[WHAT NEEDS TO BE DONE]
Can you set down, exactly as they appear below, the lines from the opening of the material through the one bearing "Back at CES", minus the pictures?

** INFORMATION GIVEN follows **

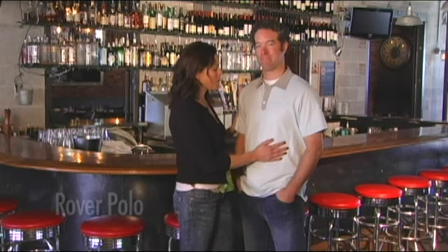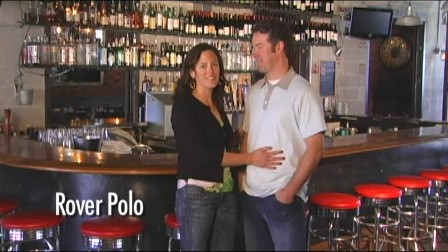This is the Rover Polo. I love this updated version of the classic. It's really soft, it has a great fit and it comes in three different colors.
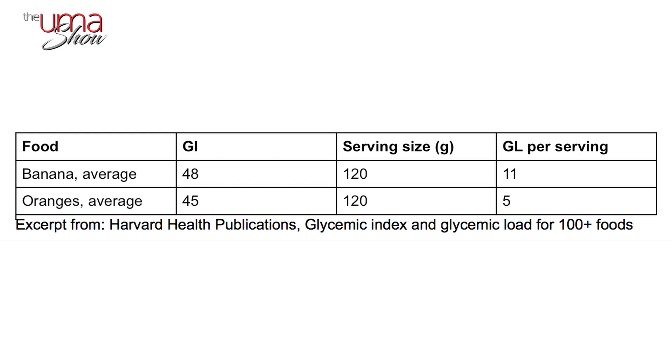Looking at glycemic index and glycemic load for 100-plus foods, as you can see, the banana and orange have almost the same glycemic index, meaning they both raise your blood sugar in about the same amount of time. But the average banana raises blood sugar twice as high — a GL of 11 — compared to an orange at GL of 5, for the same 120 gram portion. That said, a GL of 11 is not high at all, so please keep eating whole fruits.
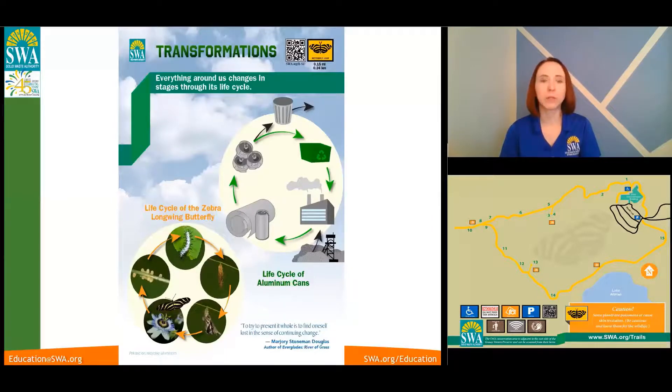It continues through that cycle. In order to keep the butterflies alive and ensure their survival, they have to continue to reproduce. And that's kind of the same thought behind recycling — to continue the usage of our natural resources, like the materials that go into making aluminum.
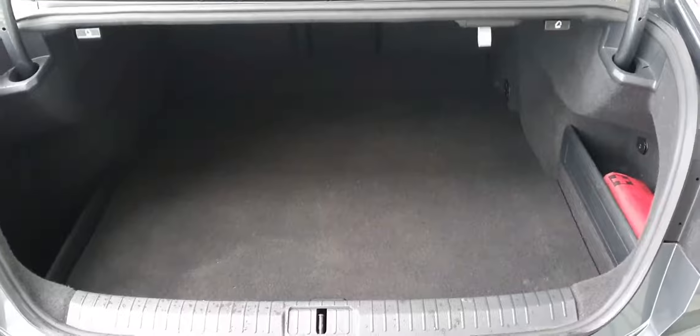Now just to give you a quick look at the boot space. As you can see the boot space is very generous. There's also 60-40 split folding rear seats with your ski hatch there in the center.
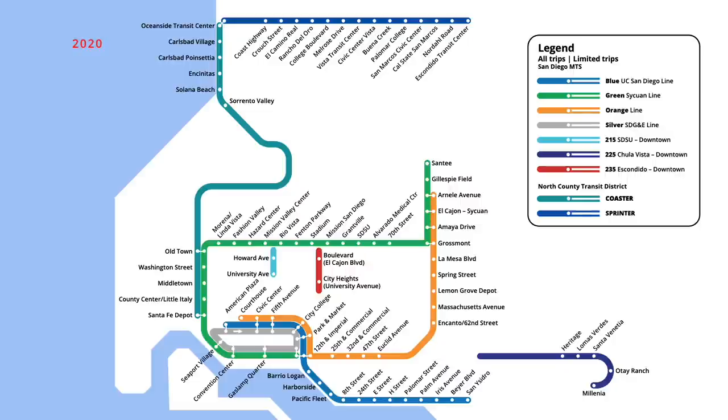Finally, in November 2020, the Green Line station at Stadium was closed, following the demolition of the adjacent property. This brings us to the San Diego Rapid Transit map that we know today.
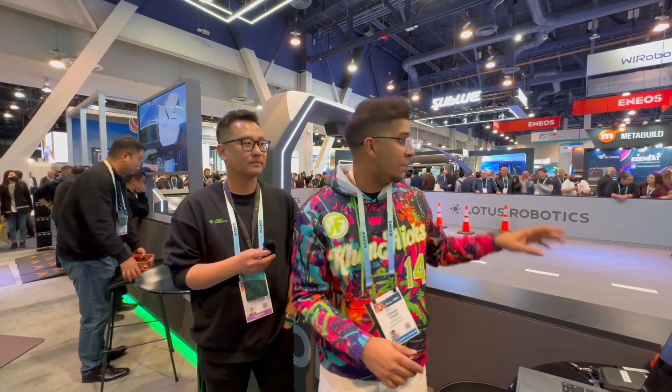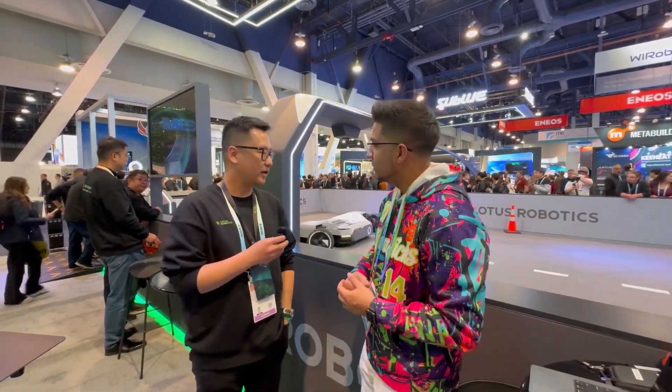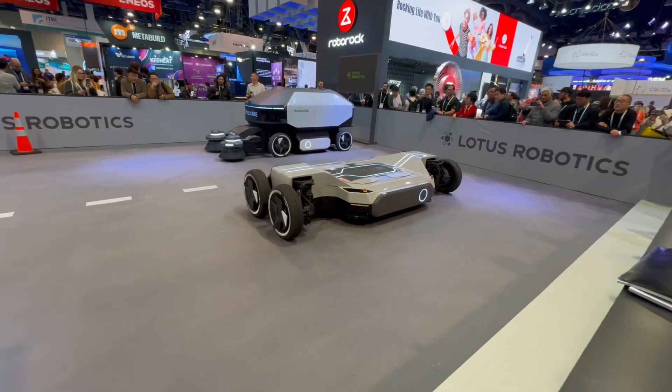Back at CES once again, here with Mark from Lotus Robotics. Some of the coolest tech I've ever seen — it's almost like a unique way of driving. That's right, it's our common chassis.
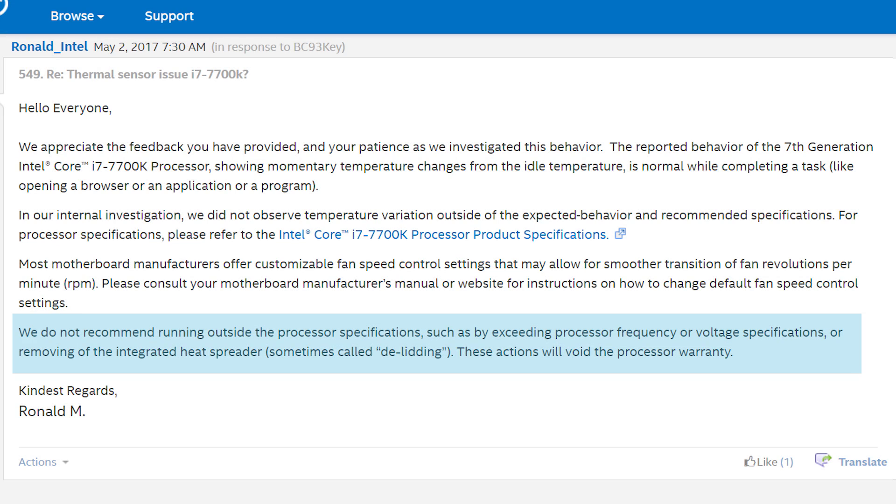One thing I do think was foolish was that in the last paragraph — something most people have contention with anyway — they essentially suggested users not overclock or delid their CPUs. I fully understand the emphasis against delidding, but I can't get behind the suggestion of not overclocking. For one, many of the posters didn't have overclocked CPUs, so why even mention it? Second, this is the 7700K — emphasis on the K — as they're specifically sold with unlocked multipliers for manual overclocking.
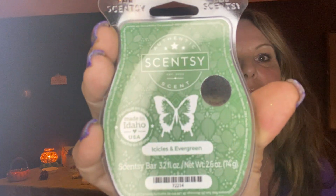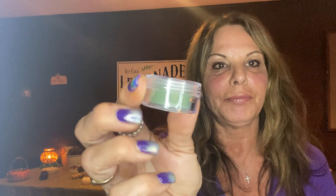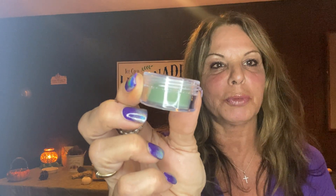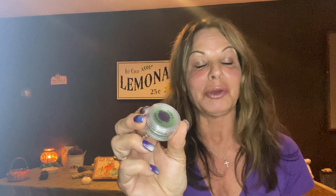This month our scent is Icicles and Evergreen — what a pretty green that is. I also get a little sample kit, and I've been asked by customers when I put these samples in their bags: they'll call me and say, 'Is that Chapstick?' I mean, you'd be really surprised how many people have asked me if I gave them Chapstick.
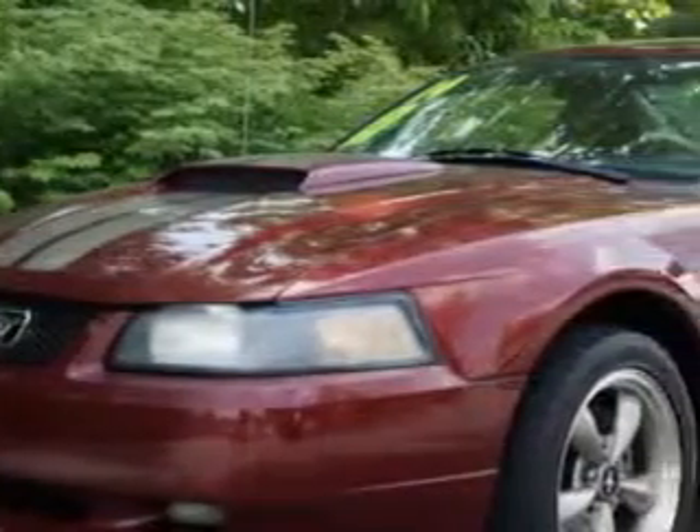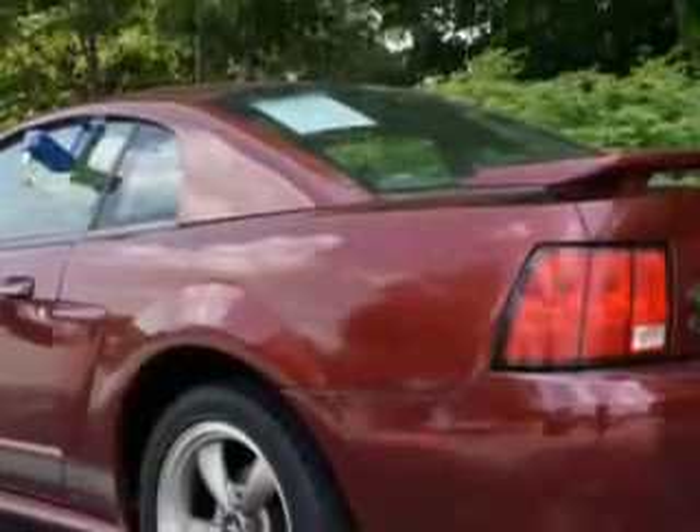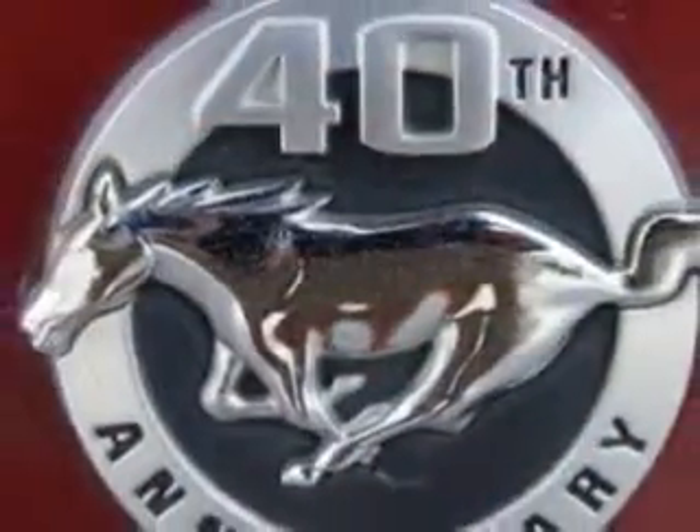Imagine driving this anniversary crimson red '04 Ford Mustang Coupe GT, equipped with an 8-cylinder engine and a 5-speed manual transmission.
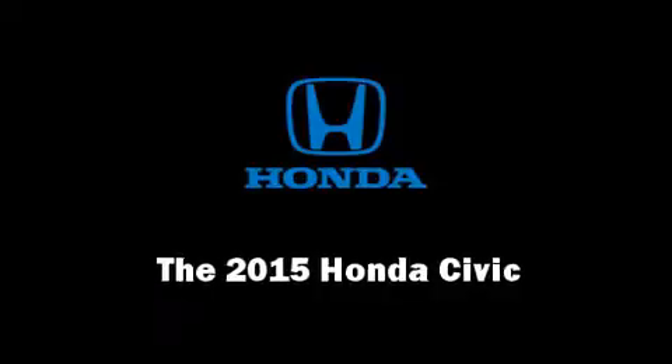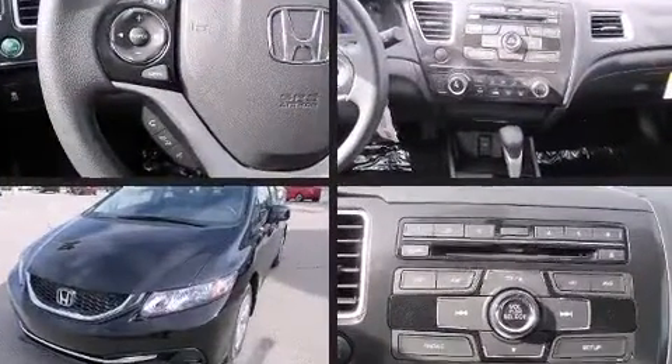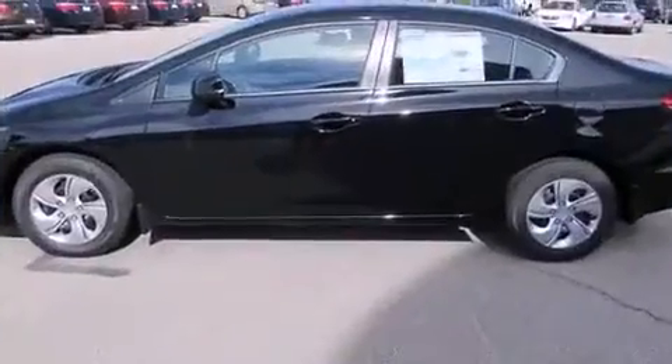The 2015 Honda Civic. This four-door, five-passenger sedan is ready to drive off the showroom floor. It features a continuously variable transmission, front-wheel drive, and a 1.8-liter four-cylinder engine.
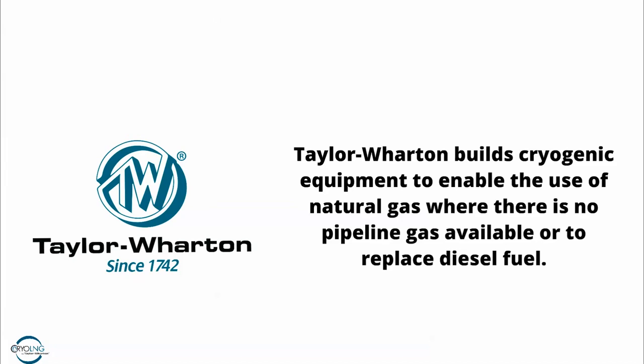Hello, my name is David Barr. I'm the Vice President and General Manager of Cryo LNG here at Taylor Wharton. Taylor Wharton builds cryogenic equipment to enable the use of natural gas where there is no pipeline available or when you want to replace a different fuel like diesel.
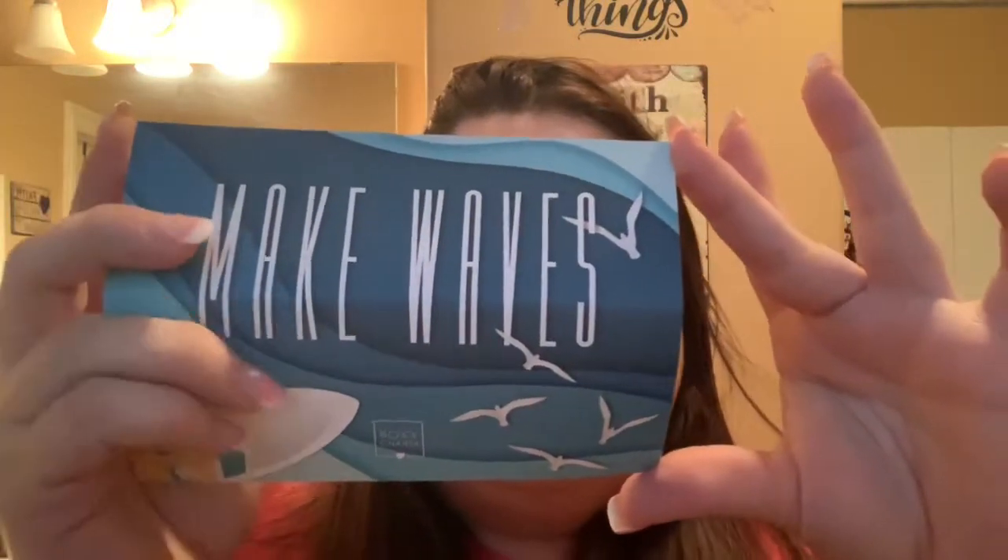I went ahead and did my foundation because I'm going to do a try-on. I took a sneak peek in the box just to see what I needed to put on my face, so I put on my foundation and primer. Let's open it up — first things first, the card. This month is called 'Make Waves.' I can already read on the back what I got, and I'm loving it.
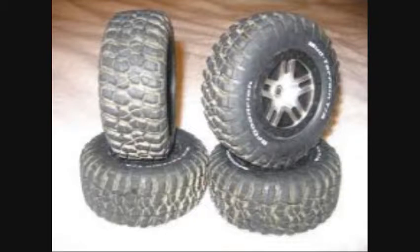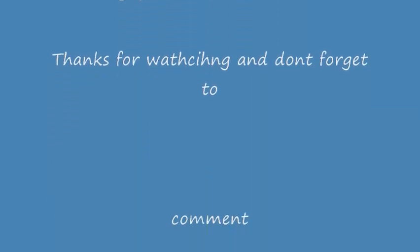just from normal running on the street. I think they just wore too much, but I have had the car for a month, so having stock tires last a month — that's pretty good, that's definitely relatively impressive. See you guys later, and don't forget to comment, rate, and subscribe.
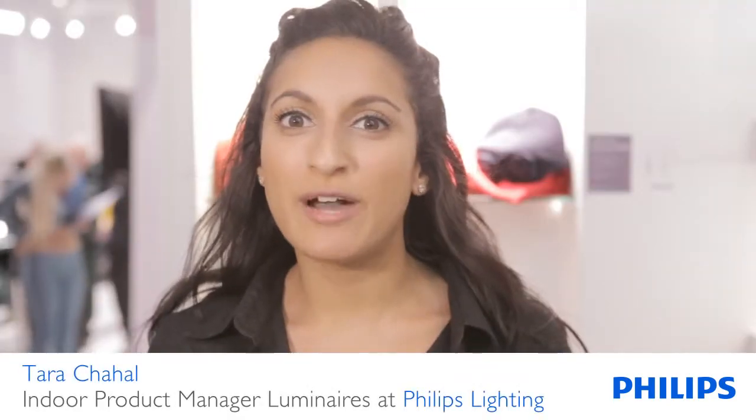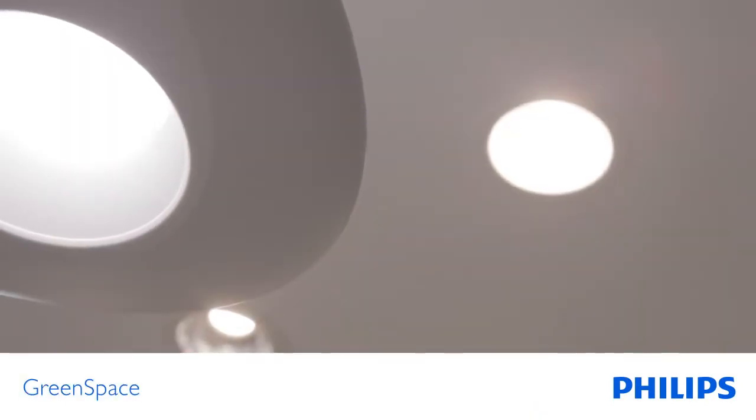The Green Space Downlight is an excellent CFL replacement. At 50,000 hours, it's a true fit and forget solution.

** End of INFORMATION GIVEN **

[COMPLETED EXERCISE]
This is the Rover Polo. I love this updated version of the classic. It's really soft, it has a great fit and it comes in three different colors.
Looking at glycemic index and glycemic load for 100-plus foods, as you can see, the banana and orange have almost the same glycemic index, meaning they both raise your blood sugar in about the same amount of time. But the average banana raises blood sugar twice as high — a GL of 11 — compared to an orange at GL of 5, for the same 120 gram portion. That said, a GL of 11 is not high at all, so please keep eating whole fruits.
It continues through that cycle. In order to keep the butterflies alive and ensure their survival, they have to continue to reproduce. And that's kind of the same thought behind recycling — to continue the usage of our natural resources, like the materials that go into making aluminum.
Now just to give you a quick look at the boot space. As you can see the boot space is very generous. There's also 60-40 split folding rear seats with your ski hatch there in the center.
Finally, in November 2020, the Green Line station at Stadium was closed, following the demolition of the adjacent property. This brings us to the San Diego Rapid Transit map that we know today.
Back at CES once again, here with Mark from Lotus Robotics. Some of the coolest tech I've ever seen — it's almost like a unique way of driving. That's right, it's our common chassis.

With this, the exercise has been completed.